Investors saw Merck’s pill as a pandemic panacea that would sit in everyone’s medicine cabinet, he says, adding, “that’s just not going to be the case with this drug.”

Porges says that when the Food and Drug Administration authorizes molnupiravir, he expects regulators to impose severe limitations on who can use it. The agency, he says, will have difficult questions to answer about what conditions to put on access for people who may become pregnant. “I think it is effectively going to be a controlled substance,” he says.

Porges later clarified his comment, saying that he expects that distribution and access to molnupiravir will be limited, not that it will be treated as a “controlled substance” under U.S. law, as are some addictive and illicit drugs.

Molnupiravir came to Merck through a partnership with a private firm called Ridgeback Biotherapeutics, which licensed the drug from a not-for-profit biotech concern owned by Emory University. Molnupiravir is what’s known as a prodrug, which metabolizes in the body to create NHC, which has been studied for decades.

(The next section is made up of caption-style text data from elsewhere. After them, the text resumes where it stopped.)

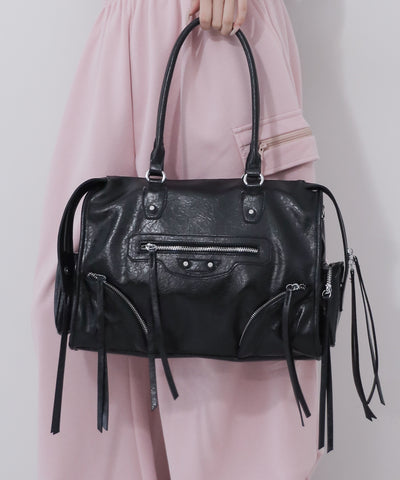 【 ショルダーストラップ付き２WAY 】アウトポケットヴィンテージダブルジップボストンショルダーバッグ ／out pocket vintage double zip boston shoulder bag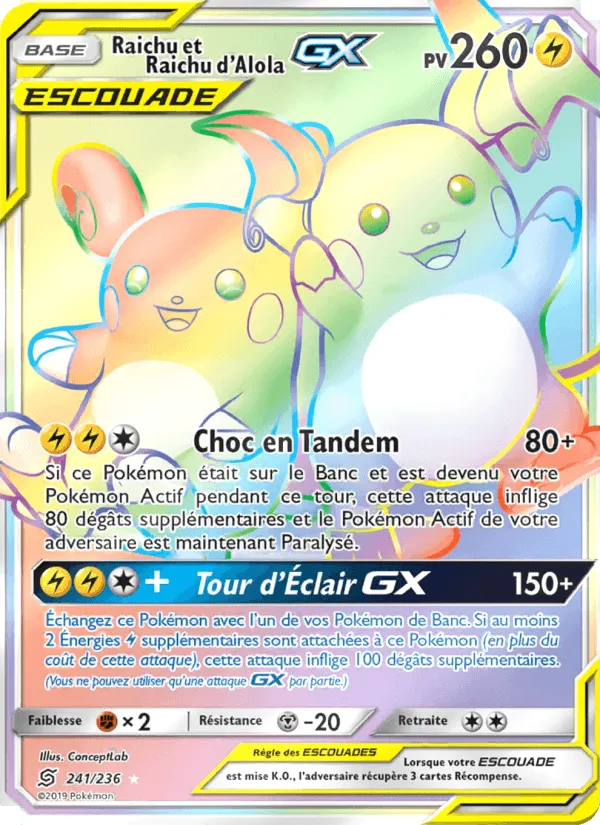 Raichu et Raichu d’Alola GX · Harmonie des Esprits 241/236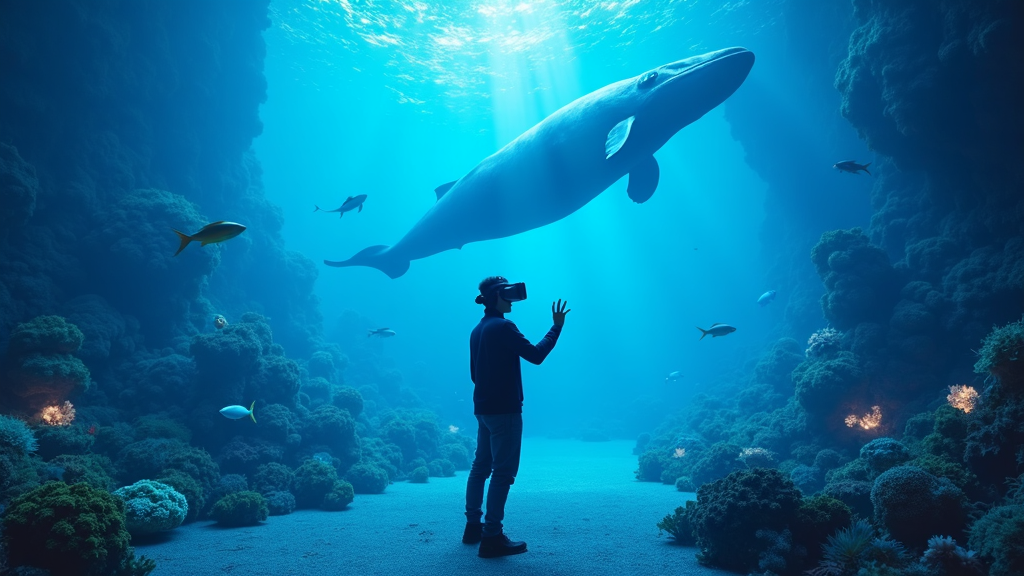 Encuentro con una imponente ballena azul en la experiencia The Blu realidad virtual submarina.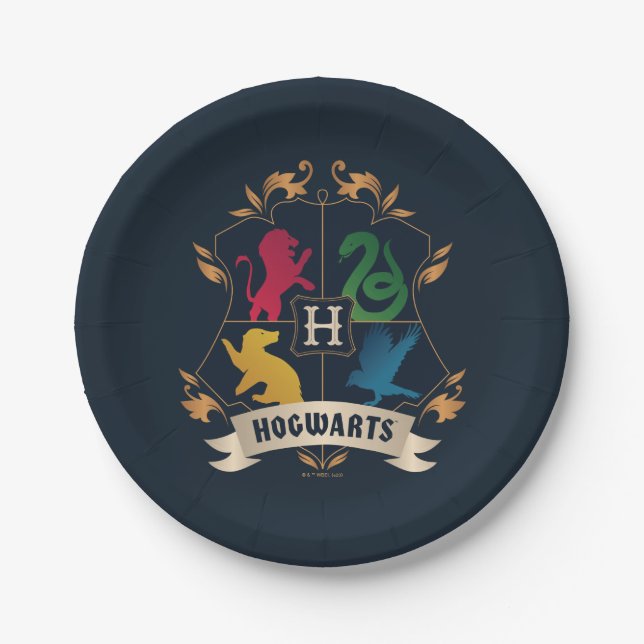 Assiettes En Carton Cimier de maison Ornat HOGWARTS™ (Devant)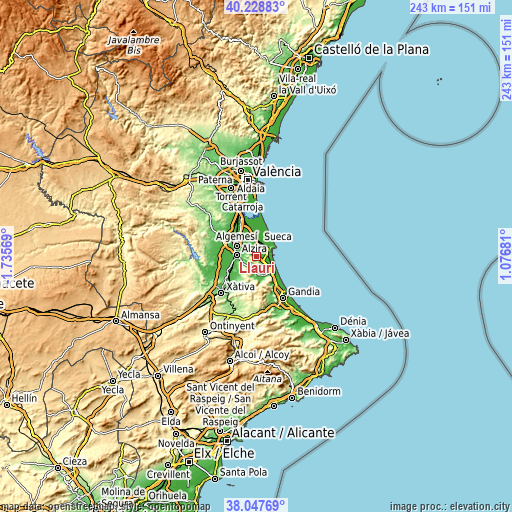 Topographic map of Llaurí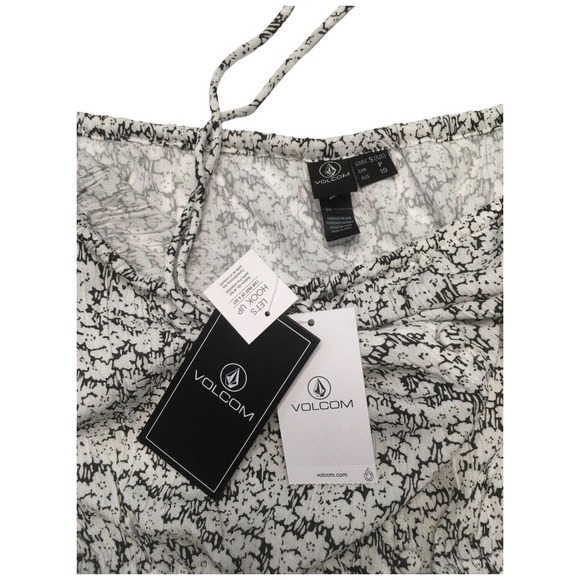 New Volcom Floral Bae Bae Doll Tube Top Halter Cropped Faux Button Black White S - Picture 9 of 15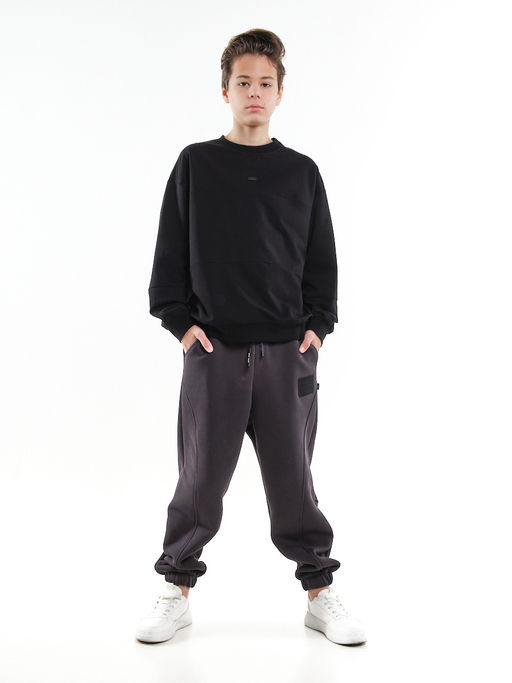 Брюки с шевроном для мальчика штаны спортивные 22-7683 светлый графит - Mini maxi фото 24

Schinazi, who is a professor at Emory but did not work on molnupiravir, has a long history with NHC, and has written a number of papers on the compound.  He was a founder of the biotech Pharmasset, which he says considered developing NHC as a treatment for hepatitis C in 2003, but chose not to because of the risk that it could cause mutations. Pharmasset created the hepatitis C drug Sovaldi, and Gilead Sciences (GILD) eventually bought the company for $11 billion.

Schinazi told Barron’s that he did not believe that molnupiravir should be given to pregnant women, or to young people of reproductive age, until more data is available. Merck’s trials of molnupiravir have excluded pregnant women; the scientists running the trial asked male participants to “abstain from heterosexual intercourse” while taking the drug, according to the federal government website that tracks clinical trials.

A paper published in the Journal of Infectious Diseases in May by Schinazi and scientists at the University of North Carolina reported that NHC caused mutations in animal cell cultures in a lab test designed to detect such mutations.

“The risks for the host may not be zero,” the authors concluded. “Evaluating the utility of this drug should be done in those likely to receive the greatest benefit, with monitoring provided to assess potential long-term genotoxic side effects.”